Responsible for upkeep tasks that must be done periodically
Run at epoch change:
- Aggregator: at the start of the Idle → Ready state machine transition, while the registration round is close.
- Signer: at the start of the Unregistered → Registered state machine transition.
It run the following tasks (but more can be added as it should not be limited to database upkeep):
- Vacuum the main database to compact it and reduce fragmentation.
- Execute a pragma wal_checkpoint(TRUNCATE) on both the main and the cardano transaction database to avoid infinite grow of the wal files.
Database upkeep tasks are skipped if a signed entity type is locked since there would be a high chance that a database is busy (like when the cardano transation preloader is running).
This supersede the startup vacuum that has been added by #1771.

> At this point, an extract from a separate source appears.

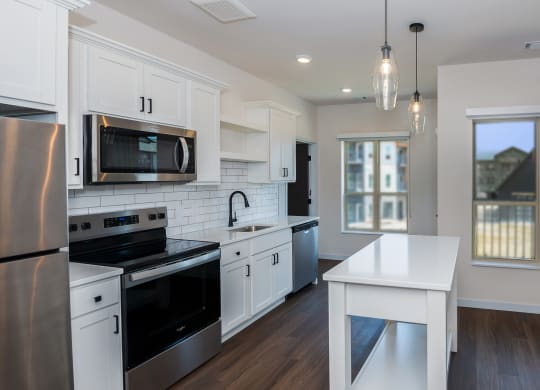 a kitchen with white cabinets and stainless steel appliances at The Crossings  at Windsong, Prescott Valley, AZ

Note: the vacuum is not run on the cardano transaction database as it can be so large that it takes more than an hour on the mainnet.

Pre-submit checklist

Branch
- [x] Tests are provided (if possible)
- [x] Crates versions are updated (if relevant)
- [x] CHANGELOG file is updated (if relevant)
- [x] Commit sequence broadly makes sense
- [x] Key commits have useful messages
PR
- [x] No clippy warnings in the CI
- [x] Self-reviewed the diff
- [x] Useful pull request description
- [x] Reviewer requested
Documentation
- [ ] Update README file (if relevant)
- [ ] Update documentation website (if relevant)
- [ ] Add dev blog post (if relevant)

Issue(s)

Closes #1707

github-actions[bot] commented 4 months ago

Test Results

4 files ± 0 51 suites ±0 8m 51s :stopwatch: -3s 1 114 tests +13 1 114 :white_check_mark: +13 0 :zzz: ±0 0 :x: ±0 1 262 runs +13 1 262 :white_check_mark: +13 0 :zzz: ±0 0 :x: ±0

Results for commit 35138ade. ± Comparison against base commit 5816ed46.

This pull request removes 1 and adds 14 tests. Note that renamed tests count towards both.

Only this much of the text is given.